From my perch somewhere in middle America, I’ve raised over $100 million in venture capital as an entrepreneur, sat through a few hundred pitches as a seed-stage investor, and helped a a dozen portfolio companies raise capital.
While sitting on both sides of the funding table, I’ve witnessed good pitches, bad pitches, and ugly pitches. I’ve personally made a lot of mistakes while pitching and seen even more.
Last night, I watched a mediocre concert featuring co-headliners Counting Crows and Matchbox Twenty. On the surface, a concert featuring two past-their-prime 90s alternative rock bands would have very little to teach a startup entrepreneur. On closer inspection, I saw a couple critical object lessons surprisingly overlooked by most entrepreneurs seeking investment capital.
Here’s the backstory:
I love Counting Crows. Their seminal album “August and Everything After” was released in 1993 during my freshman year of college, and it’s one of my 5 favorite albums of all time. To say I was looking forward to seeing Counting Crows perform is an understatement — it’s all I talked about for months.
I was on the edge of my seat with anticipation when Counting Crows opened the show. To my surprise (tired, sleepy, lethargic, disheveled, overweight, slovenly) frontman Adam Duritz led the band onto the stage looking like he just woke from a two decade-long coma. His lack of energy was infectious…
In addition to a lethargic performance, from their first 9 songs, they only played one hit. Their poor choice of songs killed what’s left of the mood: nobody was singing along — not even rabid fans like myself.

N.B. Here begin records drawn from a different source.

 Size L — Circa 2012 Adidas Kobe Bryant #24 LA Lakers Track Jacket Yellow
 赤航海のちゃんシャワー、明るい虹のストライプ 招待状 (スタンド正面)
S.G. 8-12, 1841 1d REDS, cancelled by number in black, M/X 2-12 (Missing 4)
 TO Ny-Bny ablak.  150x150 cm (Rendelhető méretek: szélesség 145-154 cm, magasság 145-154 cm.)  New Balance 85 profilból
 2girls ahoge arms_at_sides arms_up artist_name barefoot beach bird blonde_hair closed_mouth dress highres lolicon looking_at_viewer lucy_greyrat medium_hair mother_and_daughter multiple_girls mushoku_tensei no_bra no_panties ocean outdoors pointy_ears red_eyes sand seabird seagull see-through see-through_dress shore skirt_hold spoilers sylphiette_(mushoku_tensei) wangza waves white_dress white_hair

The final nail in the coffin was the most egregious: they never played their biggest hit, “Mr. Jones.” They are not quite a one-hit-wonder, but they are pretty darn close — that song has more plays on Spotify than their next 10 songs combined. To the disappointment of every fan in attendance, they ended their set without playing their most popular song…
On the other hand, I wasn’t looking forward to co-headliner Matchbox Twenty. While I don’t despise them with Nickelback-level vitriol, I’ve never been a big fan — I routinely change the station when their songs come on the radio. But within 30 seconds of taking the stage, Matchbox Twenty won me over. Their performance had everything Adam Duritz and Counting Crows lacked – energy, passion, enthusiasm, and…. talent. Additionally, they played all their hits — they started with a bang, and closed with their two most popular songs as ranked by Spotify.

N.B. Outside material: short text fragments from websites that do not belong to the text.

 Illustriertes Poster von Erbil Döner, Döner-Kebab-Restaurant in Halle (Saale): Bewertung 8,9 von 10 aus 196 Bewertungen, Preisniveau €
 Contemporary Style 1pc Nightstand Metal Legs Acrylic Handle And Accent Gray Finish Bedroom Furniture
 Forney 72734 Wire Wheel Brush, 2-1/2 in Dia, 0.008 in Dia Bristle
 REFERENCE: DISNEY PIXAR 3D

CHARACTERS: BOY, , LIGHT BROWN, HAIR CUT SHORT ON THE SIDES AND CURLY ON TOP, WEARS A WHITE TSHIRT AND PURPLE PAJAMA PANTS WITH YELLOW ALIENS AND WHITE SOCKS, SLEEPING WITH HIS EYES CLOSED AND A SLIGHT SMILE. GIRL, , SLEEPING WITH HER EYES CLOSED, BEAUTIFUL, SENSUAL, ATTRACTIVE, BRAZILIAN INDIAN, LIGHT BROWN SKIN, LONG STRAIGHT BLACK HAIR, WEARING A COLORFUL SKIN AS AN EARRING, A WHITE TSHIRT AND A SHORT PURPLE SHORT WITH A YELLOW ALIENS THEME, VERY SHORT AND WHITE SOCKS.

For comparison, here’s how the crowd used their phones during Counting Crows’ performance:
And here’s how the crowd used their phones during Matchbox Twenty’s performance:
It was like night and day — one group blew me away with an highly unexpected, passionate, professional performance. The other group gave a disappointing, disheveled, lethargic excuse for a performance — if they were pitching me for capital, I would’ve cut the meeting short.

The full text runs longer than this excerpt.